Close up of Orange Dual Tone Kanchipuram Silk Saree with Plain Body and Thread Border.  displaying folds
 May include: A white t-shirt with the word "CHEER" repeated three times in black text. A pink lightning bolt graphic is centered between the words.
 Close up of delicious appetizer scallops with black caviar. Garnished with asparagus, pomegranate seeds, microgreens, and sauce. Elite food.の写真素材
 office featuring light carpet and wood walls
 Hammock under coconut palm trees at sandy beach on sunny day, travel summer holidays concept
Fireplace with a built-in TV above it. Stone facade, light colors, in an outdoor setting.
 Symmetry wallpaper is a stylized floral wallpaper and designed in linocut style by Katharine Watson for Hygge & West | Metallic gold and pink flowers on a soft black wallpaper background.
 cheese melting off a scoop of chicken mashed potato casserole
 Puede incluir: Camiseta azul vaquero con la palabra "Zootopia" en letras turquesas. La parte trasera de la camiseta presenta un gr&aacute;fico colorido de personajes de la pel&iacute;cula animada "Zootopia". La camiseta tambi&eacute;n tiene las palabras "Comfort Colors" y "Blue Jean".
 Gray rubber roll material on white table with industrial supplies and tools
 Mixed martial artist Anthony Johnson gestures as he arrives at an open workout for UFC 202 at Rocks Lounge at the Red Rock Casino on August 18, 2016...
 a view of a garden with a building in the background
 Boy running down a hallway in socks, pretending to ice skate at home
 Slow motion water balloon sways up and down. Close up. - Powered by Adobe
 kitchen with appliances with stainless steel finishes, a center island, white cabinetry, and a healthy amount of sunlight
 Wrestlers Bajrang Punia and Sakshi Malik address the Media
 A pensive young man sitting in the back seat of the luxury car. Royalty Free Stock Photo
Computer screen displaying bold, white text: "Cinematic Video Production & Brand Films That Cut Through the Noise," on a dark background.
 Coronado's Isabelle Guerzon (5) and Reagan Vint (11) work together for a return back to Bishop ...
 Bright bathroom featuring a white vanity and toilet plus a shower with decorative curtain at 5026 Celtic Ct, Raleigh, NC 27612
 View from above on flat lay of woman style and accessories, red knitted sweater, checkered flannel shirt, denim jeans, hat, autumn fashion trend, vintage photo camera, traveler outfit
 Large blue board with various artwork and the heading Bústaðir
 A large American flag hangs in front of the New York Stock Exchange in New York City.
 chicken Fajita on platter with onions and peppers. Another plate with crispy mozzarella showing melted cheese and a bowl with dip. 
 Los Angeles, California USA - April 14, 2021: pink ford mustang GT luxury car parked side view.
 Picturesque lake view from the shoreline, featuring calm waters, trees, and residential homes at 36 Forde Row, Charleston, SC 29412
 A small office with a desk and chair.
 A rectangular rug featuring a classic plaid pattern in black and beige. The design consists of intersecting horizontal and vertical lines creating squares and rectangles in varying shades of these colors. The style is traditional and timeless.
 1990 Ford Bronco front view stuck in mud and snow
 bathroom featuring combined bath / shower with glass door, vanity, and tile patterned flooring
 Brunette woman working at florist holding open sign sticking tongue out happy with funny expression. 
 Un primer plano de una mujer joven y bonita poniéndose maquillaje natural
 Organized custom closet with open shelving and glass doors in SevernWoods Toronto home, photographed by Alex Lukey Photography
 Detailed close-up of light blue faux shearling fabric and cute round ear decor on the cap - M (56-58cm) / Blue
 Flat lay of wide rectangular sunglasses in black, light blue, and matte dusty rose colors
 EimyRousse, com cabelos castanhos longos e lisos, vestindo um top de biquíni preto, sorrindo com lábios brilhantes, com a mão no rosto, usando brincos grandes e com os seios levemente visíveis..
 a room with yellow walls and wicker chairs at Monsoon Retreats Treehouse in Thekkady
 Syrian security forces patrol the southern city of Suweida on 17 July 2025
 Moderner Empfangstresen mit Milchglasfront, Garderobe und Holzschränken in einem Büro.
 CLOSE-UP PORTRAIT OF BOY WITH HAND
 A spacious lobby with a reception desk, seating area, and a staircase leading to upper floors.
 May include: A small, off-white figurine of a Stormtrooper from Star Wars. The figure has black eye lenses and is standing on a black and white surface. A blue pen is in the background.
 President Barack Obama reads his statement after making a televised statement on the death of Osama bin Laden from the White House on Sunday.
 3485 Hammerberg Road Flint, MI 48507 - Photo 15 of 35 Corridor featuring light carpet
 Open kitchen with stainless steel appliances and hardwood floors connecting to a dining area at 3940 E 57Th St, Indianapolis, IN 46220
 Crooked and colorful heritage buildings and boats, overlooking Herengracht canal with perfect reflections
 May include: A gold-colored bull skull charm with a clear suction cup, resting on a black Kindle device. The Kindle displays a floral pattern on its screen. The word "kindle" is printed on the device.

***

Each line from the one containing "Crooked and colorful" through the end of the material must be returned exactly; no other line should appear.

 Crooked and colorful heritage buildings and boats, overlooking Herengracht canal with perfect reflections
 May include: A gold-colored bull skull charm with a clear suction cup, resting on a black Kindle device. The Kindle displays a floral pattern on its screen. The word "kindle" is printed on the device.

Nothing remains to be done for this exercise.